Nachdem die Bogenschützin Chada und der Krieger Thorn sich schon im Basisspiel einen Namen gemacht haben, geht ihr Abenteuer nun im Silberland weiter. Dort steht eine Reise vom Norden in den Süden an, nach der sie mit Hilfe der Zwerge die Überfahrt zurück nach Andor wagen wollen, um nach allen bestandenen Aufgaben die Heimat wiederzusehen. Allerdings ist ihr Weg nicht nur von zahlreichen Gefahren gesäumt, zu allem Übel sitzt den beiden ein unheimlicher Feind im Nacken, der sie auf Schritt und Tritt verfolgt.
So reicht es nicht, dass Chada und Thorn ihren Blick auf den vorausliegenden Weg richten, auch der bereits beschrittene Pfad bedarf sorgsamer Überwachung. Denn sollte der „Fluch“ es schaffen, die beiden einzuholen oder sogar an ihnen vorbei zu ziehen, ist es aus mit Helden und Spiel.
Gleich am ersten Abend, nachdem das Spiel auf heimischem Küchentisch angekommen war, haben wir uns mit einem schwungvollen Köpper in die Action gestürzt und sind erst weit nach der Geisterstunde wieder daraus aufgetaucht. Das lag zum einen an der wirklich spannenden und immer wieder wandelbaren Spiel-Szenerie, zum anderen aber auch an einigen Verständnisunsicherheiten, was die Regeln betraf. An mancher Stelle hätte man vor allem die Unterscheidungen zwischen aktuellen Nebelkartenstapeln, dem Vorrat, dem nicht mehr ganz so aktuellen Nebelkartenstapel und sonstigen Karten etwas deutlicher machen können. So manches Mal haben wir uns erst im Stapel und dann im Ton vergriffen, was dem Spielvergnügen aber spätestens nach dem Einführen von Hausregeln keinerlei Abbruch mehr getan hat.

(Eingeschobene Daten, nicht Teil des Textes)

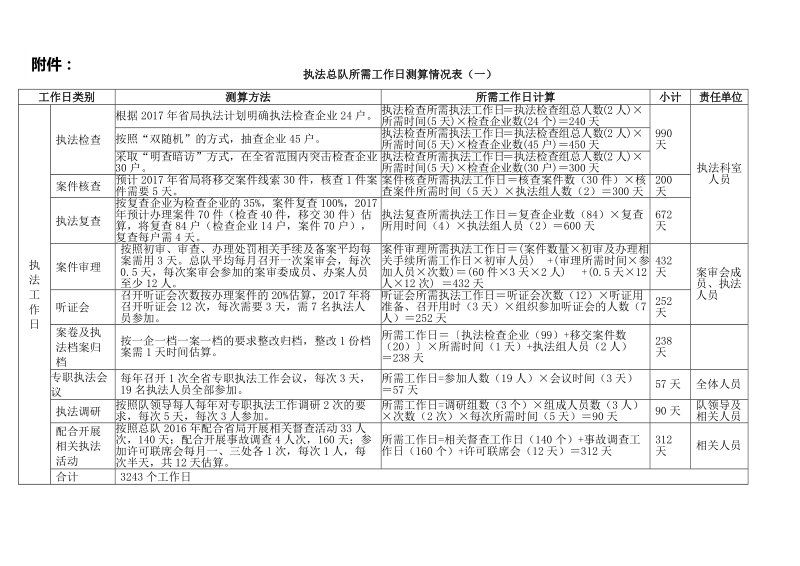 执法总队所需工作日测算情况表（一）.doc_第1页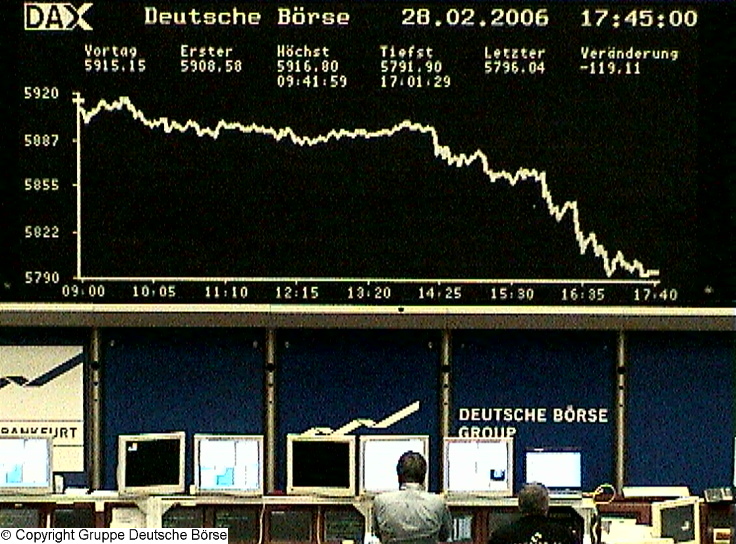 226.DAX Tipp-Spiel, Dienstag, 28.2.06, 17.45 Uhr, 31305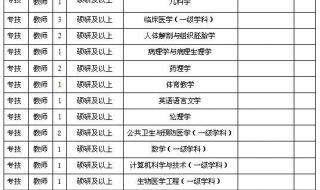 山西医科大学汾阳学院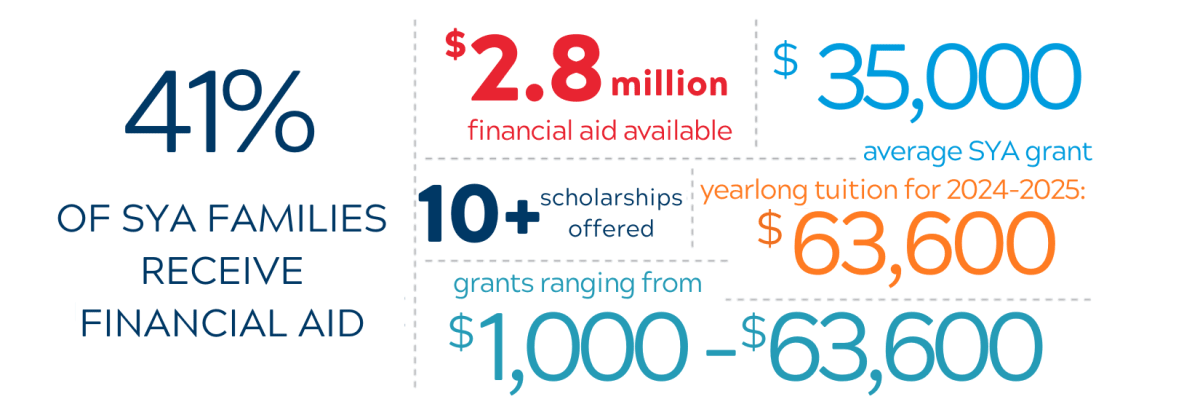 High School Study Abroad Tuition &amp; Aid | School Year Abroad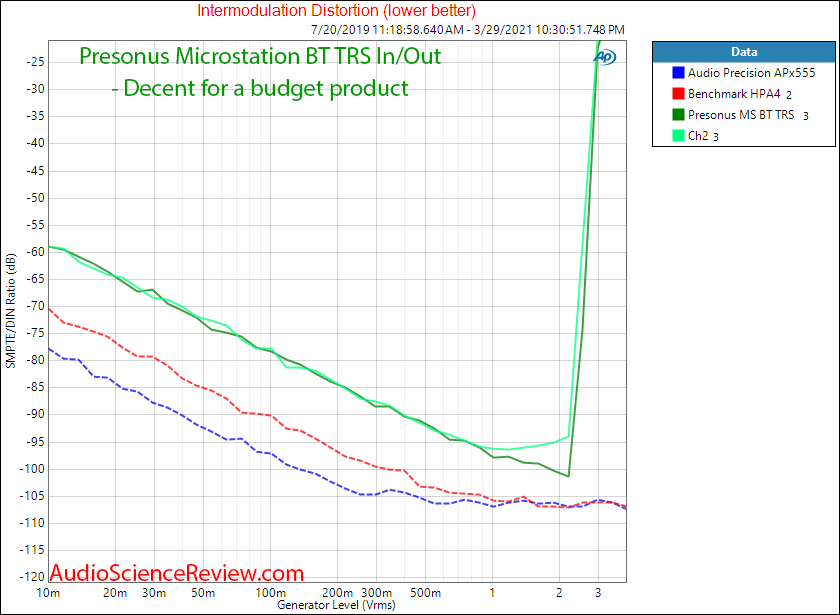 Presonus Microstation BT Measurements IMD Analog.png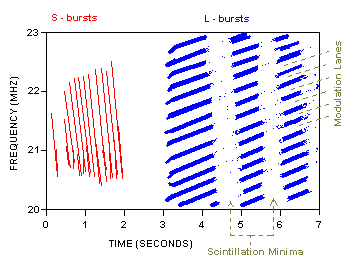 Jovian radio spectrum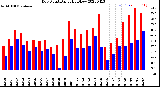 Milwaukee Weather Dew Point<br>Daily High/Low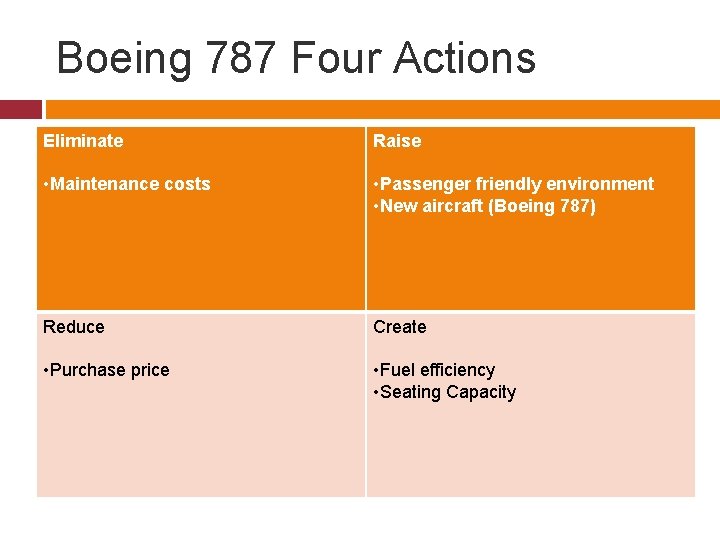 Boeing 787 Four Actions Eliminate Raise • Maintenance costs • Passenger friendly environment •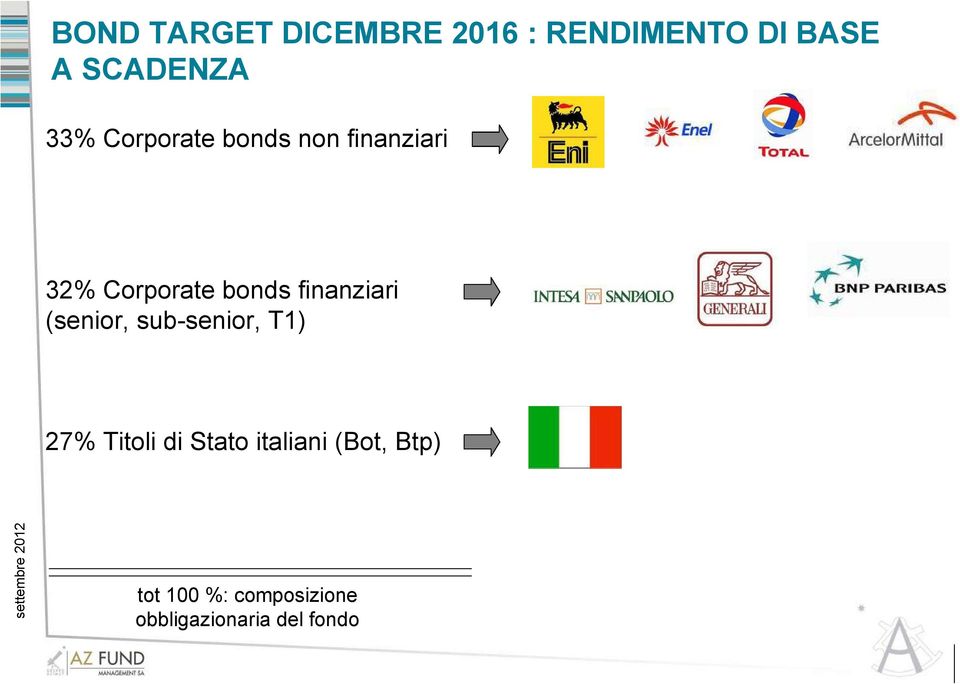 finanziari (senior, sub-senior, T1) 27% Titoli di Stato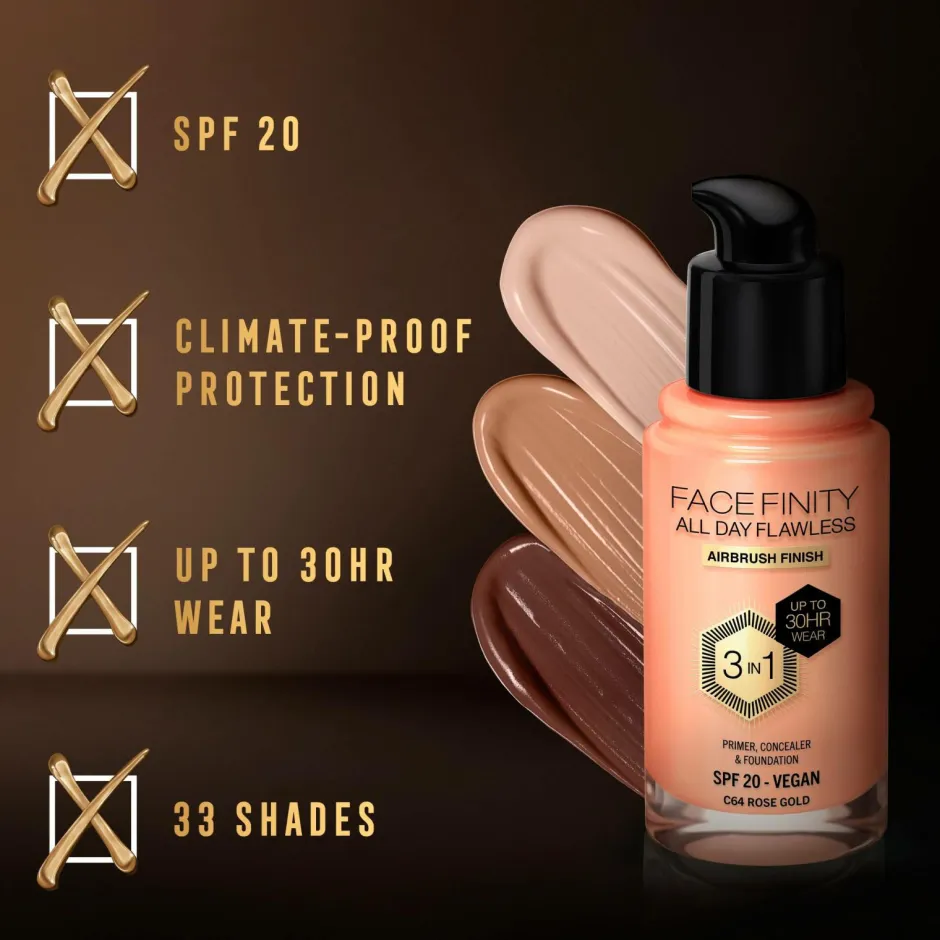 Max Factor All Day Flawless 3in1 Foundation^ Ansigt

Wenn auch der Reim nicht so richtig funktioniert, so klappt doch die Flexibilität innerhalb der Missionen von Chada & Thorn wunderbar. Aus sechs Zwischen-Etappen-Karten werden jeweils zwei gewählt, die dann durch unterschiedliche Kombinationen immer wieder neue Spiel-Wege eröffnen. Auch die Nebelkarten, die eine ordentliche Auswahl an Gegnern bieten, tragen zur bunt-düsteren Abwechslung bei. Zudem gibt es einige Möglichkeiten, den Schwierigkeitsgrad selbst zu bestimmen, indem man Freunde-Karten weglässt oder die Norm um ein oder zwei Zwischen-Etappen-Karten erweitert. Und wenn man das Spiel als Basis für Erweiterungen eigener Ideen ansieht, wird der Kreativität und der Lust auf eigene Umsetzungen kaum eine Grenze gesetzt. Und so trug es sich zu, dass ich mitten in der Nacht aufwachte und schlaftrunken feststellen musste, dass mein gesamter Körper mit kleinen Zettelchen bedeckt war, weil mein Freund etliche verschriftlichte Ideen für neue Charaktere und Ausrüstungsgegenstände im Bett verbreitet hatte. Seitdem nenne ich ihn gerne auch mal Mr. Post-It-Man.
Chada & Thorn ist – vor allem für den schmalen Preis – ein Must-Have für Andor-Fans. Die kleinen Schnitzer, die man zur perfekten Umsetzung vielleicht hätte ausmerzen können, werden spätestens durch die Angebote auf der Webseite und die Flexibilität wieder wettgemacht. Mit der kompakten Größe ist es auch für Urlaub, Cons oder Warteschlangen ein prima Begleiter. Und besonders begeistert bin ich – wieder mal – von dem spielbaren Tutorial.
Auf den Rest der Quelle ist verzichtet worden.